The top layer is four interchangeable operator surfaces: a CLI, a terminal workbench, a React desktop app packaged with Tauri, and an experimental Rust frontend built with Leptos. All four render mission state through the same shared formatting modules, so a plan prints identically in a terminal and in the GUI.

ARENA

Multiple candidates, verified selection

Hard tasks rarely come out right on the first attempt, so Kern OS does not bet on one. It can hand the same task to several agents at once, each working in its own private copy of the code (a git worktree) so they never collide. Each one comes back with a finished change and a record of how it got there.

Then the candidates are scored: did it run cleanly, is its trace intact, how large is the change, does it pass the static checks. The best one goes on to review and, if needed, repair rounds, and it still has to clear critic, security and benchmark checks before it is allowed to merge.

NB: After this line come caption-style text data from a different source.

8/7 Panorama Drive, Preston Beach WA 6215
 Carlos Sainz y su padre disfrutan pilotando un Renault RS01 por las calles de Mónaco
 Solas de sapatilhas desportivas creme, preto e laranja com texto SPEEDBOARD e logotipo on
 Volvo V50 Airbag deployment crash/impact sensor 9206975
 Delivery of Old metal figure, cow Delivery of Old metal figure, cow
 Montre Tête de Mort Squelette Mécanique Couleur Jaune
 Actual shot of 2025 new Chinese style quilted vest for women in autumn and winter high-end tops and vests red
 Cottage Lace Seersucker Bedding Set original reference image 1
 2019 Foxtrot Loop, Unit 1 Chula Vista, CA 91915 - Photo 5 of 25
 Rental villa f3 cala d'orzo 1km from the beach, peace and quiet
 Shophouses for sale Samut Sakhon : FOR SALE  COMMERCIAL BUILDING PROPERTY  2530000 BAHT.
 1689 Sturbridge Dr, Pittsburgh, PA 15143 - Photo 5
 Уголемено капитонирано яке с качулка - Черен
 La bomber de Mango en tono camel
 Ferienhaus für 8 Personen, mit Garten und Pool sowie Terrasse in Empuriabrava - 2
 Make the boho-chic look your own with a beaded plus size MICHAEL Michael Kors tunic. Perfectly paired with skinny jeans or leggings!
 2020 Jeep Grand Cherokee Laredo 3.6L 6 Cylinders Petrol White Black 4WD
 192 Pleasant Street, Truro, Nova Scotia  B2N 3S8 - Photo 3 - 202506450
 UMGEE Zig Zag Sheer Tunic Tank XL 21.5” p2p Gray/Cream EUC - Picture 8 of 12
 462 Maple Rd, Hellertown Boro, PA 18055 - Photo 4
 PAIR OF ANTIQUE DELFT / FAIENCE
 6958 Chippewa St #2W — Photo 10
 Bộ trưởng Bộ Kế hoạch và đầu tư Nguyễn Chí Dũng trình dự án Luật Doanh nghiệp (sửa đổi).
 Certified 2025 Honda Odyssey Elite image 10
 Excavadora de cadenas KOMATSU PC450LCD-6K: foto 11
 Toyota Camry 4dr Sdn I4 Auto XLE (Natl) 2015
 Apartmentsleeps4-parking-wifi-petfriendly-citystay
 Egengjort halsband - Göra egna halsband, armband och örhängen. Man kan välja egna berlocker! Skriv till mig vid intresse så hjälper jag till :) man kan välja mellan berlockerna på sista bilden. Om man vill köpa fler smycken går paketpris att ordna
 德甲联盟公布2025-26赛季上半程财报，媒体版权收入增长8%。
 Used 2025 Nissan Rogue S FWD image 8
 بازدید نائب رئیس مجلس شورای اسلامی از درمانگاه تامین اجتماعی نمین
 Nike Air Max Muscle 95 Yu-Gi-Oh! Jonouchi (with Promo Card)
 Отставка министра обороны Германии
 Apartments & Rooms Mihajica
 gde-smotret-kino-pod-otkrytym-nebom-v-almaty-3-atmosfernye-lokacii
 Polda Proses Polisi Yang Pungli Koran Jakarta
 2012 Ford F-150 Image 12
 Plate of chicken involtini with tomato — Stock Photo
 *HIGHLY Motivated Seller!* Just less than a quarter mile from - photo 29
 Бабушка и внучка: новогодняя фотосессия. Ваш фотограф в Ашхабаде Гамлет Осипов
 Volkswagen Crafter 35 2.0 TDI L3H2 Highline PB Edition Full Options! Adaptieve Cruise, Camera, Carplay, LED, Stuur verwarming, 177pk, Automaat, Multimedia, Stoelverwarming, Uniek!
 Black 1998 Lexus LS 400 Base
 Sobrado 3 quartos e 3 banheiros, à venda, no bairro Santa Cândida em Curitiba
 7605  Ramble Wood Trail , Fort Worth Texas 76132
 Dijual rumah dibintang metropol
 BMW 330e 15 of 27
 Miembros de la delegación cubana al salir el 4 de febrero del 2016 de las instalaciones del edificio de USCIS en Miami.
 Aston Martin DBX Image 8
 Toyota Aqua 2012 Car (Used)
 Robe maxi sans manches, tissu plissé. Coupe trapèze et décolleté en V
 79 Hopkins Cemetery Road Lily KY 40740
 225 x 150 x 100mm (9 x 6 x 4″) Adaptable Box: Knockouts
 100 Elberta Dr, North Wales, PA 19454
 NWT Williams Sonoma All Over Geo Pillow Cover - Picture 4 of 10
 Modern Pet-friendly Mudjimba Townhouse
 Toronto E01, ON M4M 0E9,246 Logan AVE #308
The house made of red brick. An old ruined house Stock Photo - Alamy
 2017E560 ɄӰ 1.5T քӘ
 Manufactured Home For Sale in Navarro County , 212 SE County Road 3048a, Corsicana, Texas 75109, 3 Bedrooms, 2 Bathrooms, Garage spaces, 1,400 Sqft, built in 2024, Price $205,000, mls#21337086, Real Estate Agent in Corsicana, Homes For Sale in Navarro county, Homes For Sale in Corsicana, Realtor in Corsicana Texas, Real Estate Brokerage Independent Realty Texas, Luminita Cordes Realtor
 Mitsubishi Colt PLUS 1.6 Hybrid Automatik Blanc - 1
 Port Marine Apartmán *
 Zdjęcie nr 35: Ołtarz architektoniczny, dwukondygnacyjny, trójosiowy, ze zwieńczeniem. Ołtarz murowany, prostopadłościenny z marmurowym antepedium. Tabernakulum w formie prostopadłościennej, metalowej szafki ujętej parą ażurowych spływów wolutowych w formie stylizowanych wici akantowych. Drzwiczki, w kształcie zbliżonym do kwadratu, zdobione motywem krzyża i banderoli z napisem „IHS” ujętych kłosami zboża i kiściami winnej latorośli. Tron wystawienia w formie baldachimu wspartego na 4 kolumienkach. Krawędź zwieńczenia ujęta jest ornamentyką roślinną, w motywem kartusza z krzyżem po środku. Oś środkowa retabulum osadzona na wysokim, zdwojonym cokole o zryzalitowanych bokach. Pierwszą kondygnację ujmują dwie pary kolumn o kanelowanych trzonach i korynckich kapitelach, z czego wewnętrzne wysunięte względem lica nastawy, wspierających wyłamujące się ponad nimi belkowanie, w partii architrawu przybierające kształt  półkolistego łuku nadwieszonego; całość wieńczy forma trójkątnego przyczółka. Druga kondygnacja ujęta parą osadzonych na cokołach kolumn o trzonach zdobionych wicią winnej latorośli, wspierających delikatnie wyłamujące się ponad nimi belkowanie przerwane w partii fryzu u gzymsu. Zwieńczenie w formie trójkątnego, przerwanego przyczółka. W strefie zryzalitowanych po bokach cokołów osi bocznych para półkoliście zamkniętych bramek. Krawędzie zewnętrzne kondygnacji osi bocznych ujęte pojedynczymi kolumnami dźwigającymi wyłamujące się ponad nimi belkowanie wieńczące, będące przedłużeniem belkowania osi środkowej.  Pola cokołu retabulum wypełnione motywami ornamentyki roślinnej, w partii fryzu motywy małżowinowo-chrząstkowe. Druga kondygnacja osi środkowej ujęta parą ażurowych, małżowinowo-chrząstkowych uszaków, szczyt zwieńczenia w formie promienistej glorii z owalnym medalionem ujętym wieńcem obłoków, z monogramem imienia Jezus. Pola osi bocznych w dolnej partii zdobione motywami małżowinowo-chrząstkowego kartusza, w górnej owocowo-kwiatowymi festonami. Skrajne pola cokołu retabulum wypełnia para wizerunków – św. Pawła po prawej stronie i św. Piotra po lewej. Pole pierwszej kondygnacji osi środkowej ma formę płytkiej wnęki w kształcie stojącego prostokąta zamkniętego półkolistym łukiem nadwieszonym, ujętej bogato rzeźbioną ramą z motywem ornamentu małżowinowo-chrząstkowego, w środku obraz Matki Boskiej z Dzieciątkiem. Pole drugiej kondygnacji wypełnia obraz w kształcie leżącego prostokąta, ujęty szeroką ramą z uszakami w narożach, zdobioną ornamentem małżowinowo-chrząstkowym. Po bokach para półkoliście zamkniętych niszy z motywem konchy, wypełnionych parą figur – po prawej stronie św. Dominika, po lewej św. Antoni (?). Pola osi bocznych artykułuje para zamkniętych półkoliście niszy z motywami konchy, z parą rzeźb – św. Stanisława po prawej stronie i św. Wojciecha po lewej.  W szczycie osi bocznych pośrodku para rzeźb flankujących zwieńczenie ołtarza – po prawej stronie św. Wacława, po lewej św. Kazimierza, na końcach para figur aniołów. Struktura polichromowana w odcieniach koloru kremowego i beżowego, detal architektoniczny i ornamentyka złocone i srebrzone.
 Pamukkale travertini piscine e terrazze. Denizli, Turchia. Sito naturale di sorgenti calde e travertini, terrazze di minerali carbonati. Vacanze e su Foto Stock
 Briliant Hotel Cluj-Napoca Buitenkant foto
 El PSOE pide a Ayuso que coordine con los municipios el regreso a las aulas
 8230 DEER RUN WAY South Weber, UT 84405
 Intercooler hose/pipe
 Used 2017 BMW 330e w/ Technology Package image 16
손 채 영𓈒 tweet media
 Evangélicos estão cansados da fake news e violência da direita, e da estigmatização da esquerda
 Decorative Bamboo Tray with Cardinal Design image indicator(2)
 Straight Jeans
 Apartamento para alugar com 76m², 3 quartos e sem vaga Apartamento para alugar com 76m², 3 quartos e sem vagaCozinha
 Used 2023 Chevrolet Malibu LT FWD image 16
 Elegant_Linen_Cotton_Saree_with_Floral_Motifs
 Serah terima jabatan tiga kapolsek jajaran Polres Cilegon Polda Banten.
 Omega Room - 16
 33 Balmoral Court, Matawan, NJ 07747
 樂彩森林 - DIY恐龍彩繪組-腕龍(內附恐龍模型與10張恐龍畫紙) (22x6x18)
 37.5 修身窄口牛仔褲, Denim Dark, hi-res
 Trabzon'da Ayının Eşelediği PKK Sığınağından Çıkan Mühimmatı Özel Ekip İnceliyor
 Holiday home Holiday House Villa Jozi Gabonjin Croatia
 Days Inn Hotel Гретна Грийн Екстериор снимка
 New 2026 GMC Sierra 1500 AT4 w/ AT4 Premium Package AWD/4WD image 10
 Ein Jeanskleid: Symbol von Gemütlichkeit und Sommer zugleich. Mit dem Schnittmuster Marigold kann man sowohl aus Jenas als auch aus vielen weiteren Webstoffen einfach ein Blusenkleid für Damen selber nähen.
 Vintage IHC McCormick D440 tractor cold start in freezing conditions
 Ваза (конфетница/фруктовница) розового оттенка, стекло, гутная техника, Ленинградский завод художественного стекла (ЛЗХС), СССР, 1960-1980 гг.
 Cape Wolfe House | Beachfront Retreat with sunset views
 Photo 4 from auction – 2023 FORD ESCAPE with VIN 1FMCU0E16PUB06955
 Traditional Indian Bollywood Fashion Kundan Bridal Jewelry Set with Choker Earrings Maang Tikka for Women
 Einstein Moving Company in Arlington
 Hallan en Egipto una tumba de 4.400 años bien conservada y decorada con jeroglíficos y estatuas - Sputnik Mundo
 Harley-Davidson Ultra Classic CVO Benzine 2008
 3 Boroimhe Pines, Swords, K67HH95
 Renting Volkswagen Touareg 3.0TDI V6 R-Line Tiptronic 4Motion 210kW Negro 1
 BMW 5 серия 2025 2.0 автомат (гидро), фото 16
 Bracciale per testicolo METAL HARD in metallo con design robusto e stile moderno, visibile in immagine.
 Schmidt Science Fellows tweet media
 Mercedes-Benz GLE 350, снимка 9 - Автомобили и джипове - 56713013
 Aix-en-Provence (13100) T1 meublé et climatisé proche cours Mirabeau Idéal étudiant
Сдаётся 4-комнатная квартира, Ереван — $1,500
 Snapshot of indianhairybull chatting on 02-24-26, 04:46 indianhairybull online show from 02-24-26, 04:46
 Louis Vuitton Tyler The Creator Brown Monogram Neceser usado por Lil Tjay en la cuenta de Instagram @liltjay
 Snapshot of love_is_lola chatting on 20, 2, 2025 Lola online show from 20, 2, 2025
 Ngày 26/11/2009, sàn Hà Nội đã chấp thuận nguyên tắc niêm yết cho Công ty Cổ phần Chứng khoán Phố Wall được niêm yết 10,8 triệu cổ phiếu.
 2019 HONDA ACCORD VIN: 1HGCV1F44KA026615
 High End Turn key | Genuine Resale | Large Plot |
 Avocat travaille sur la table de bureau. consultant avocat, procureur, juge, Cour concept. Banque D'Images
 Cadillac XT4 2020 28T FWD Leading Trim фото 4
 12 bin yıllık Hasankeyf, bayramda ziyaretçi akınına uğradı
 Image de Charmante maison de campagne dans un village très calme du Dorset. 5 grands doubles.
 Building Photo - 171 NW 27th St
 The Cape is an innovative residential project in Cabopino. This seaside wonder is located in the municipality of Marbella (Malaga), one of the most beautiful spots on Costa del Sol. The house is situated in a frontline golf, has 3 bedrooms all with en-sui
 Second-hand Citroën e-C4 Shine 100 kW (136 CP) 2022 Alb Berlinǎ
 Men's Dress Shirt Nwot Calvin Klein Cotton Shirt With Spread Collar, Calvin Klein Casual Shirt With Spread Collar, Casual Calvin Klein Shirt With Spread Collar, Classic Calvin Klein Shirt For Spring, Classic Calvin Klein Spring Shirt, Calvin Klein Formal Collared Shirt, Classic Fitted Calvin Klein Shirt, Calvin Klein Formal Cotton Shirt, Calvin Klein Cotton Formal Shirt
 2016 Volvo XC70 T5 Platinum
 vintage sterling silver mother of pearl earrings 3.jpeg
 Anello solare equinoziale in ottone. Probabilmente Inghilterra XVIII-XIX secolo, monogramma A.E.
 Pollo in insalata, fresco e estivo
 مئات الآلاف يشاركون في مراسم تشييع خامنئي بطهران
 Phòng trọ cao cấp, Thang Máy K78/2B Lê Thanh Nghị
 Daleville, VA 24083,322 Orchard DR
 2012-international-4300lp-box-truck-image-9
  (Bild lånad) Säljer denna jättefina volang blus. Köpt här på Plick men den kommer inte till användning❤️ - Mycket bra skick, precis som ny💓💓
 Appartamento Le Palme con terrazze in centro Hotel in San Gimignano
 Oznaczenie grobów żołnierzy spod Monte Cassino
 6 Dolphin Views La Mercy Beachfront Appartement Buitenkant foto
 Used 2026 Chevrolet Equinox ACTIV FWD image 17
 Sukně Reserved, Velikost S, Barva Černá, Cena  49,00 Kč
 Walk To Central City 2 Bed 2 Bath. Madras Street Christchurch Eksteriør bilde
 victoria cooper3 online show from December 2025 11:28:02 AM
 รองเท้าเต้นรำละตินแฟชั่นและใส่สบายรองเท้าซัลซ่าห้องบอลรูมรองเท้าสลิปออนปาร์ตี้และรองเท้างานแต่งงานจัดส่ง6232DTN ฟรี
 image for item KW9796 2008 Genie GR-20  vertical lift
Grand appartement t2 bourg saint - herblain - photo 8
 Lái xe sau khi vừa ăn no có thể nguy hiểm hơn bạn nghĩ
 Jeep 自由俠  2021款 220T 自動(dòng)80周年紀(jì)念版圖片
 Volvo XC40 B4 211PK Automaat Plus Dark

What gets stored is the scores and fingerprints, not the full code or transcripts, so a result stays reproducible without the records ballooning over time.

POLICY

Hard limits on every change

Agents love to commit things they should not: build output, downloaded libraries, huge generated files. A shared rulebook knows over eighty kinds of those throwaway paths and checks every change against hard limits, at most eighty files and a megabyte of code, before the change is allowed to count.

It runs at every point a change can enter: candidate checks, merges, benchmark reports. The idea is to make the junk-commit failure impossible by rule, instead of hoping a review catches it.

MEMORY

Continuity between sessions

When a session ends, the knowledge should not die with it. Kern OS keeps a structured memory of facts, decisions and lessons, with links that record which piece of knowledge replaced which, so it knows not just what it learned but what it stopped believing.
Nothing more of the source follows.